I initiated a self-directed research project at SOM to create a prototype of a new sensing device to automatically and anonymously evaluate space utilization in the workplace. After writing custom tools for the architectural design process, I realized that none of them addressed the end-user experience. I viewed this as an opportunity to develop new tools to inform architects about the social implications of their designs. I developed a prototype to expose new aspects of the occupant experience through data capturing movement, room occupancy and temperature.
I was independently responsible for all aspects of the project including ideation, research, development of the electronic hardware, programming, and data analysis. I defined my design objectives as follows:
Small Form Factor: The device must be small and lightweight for simple, unobtrusive installation in any space.
Scalability: The device (or devices) must be scalable to rooms of different shapes and sizes.
Communications: The device must be capable of wireless data transfer.
Power: The device must have low power consumption and a long battery life.
Occupant Anonymity: The device must maintain occupant anonymity. This is NOT a surveillance system.
I considered a variety of sensors that could differentiate between humans and their non-human surroundings without jeopardizing the human's identity.
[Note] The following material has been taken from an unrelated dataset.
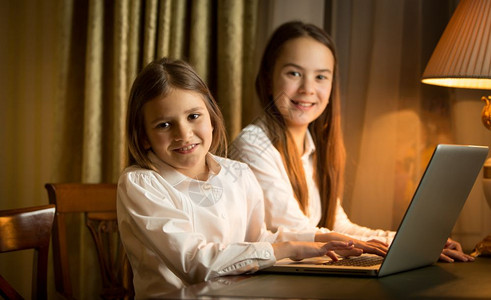 两个女学生晚上在笔记本电脑做家庭作业图片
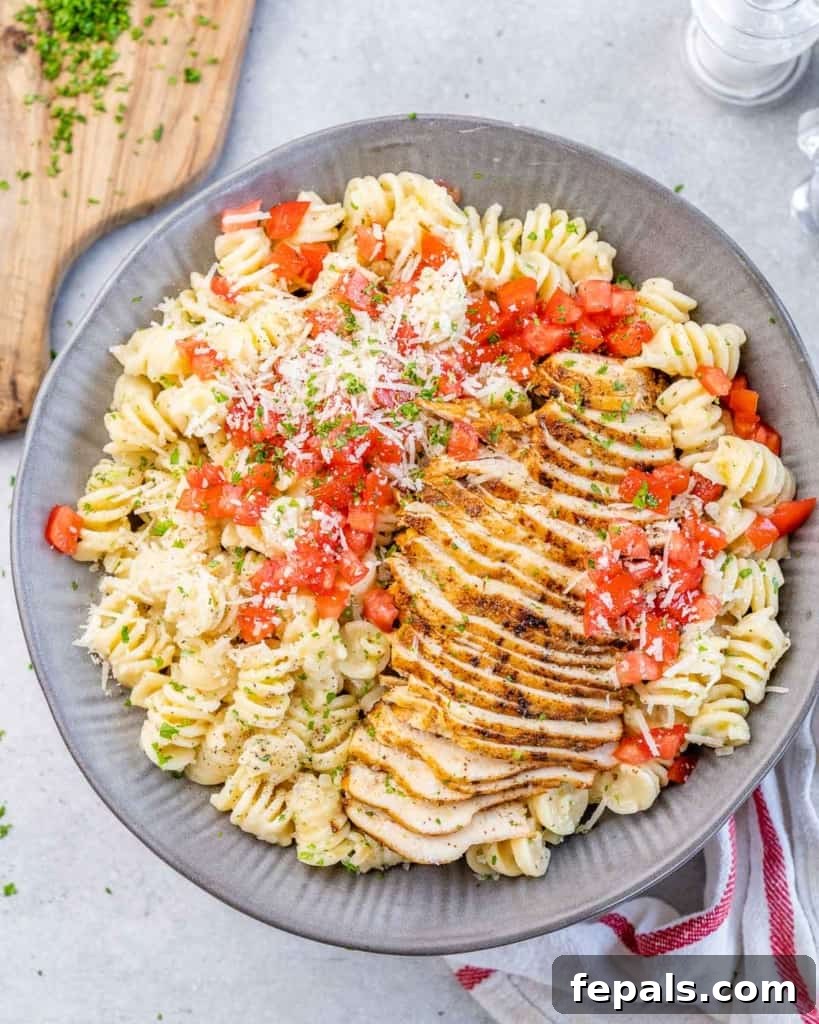 An overhead shot of a gray ceramic bowl filled with creamy Cajun chicken pasta, generously garnished with freshly chopped red tomatoes, enhancing its visual appeal and adding a burst of freshness.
After considering infrared cameras, range finders and break sensors, I chose to use an infrared array sensor to collect extremely low resolution thermal images. Compared to the competitors, this sensor covered the largest area with the highest density of data points for the lowest price, all while abstracting humans to unidentifiable clusters of pixels. I designed a custom printed circuit board for the sensor and connected it with a WiFi-enabled microcontroller.
I wrote a blob detection algorithm in Python to filter the data and isolate the human figures within the viewing area. I tested my system on two scenarios: counting stationary people and tracking a single moving occupant. I used the processed data to generate simple diagrams of the results.
Although a very early prototype, this system successfully captured human occupancy and movement within indoor spaces. In the future, the device will need further refinement for battery consumption, high density room occupancy, and better localization accuracy. I envision that this device will be used as a tool for architects to receive feedback about how their designs influence social interaction, circulation, productivity, and user comfort for indoor environments.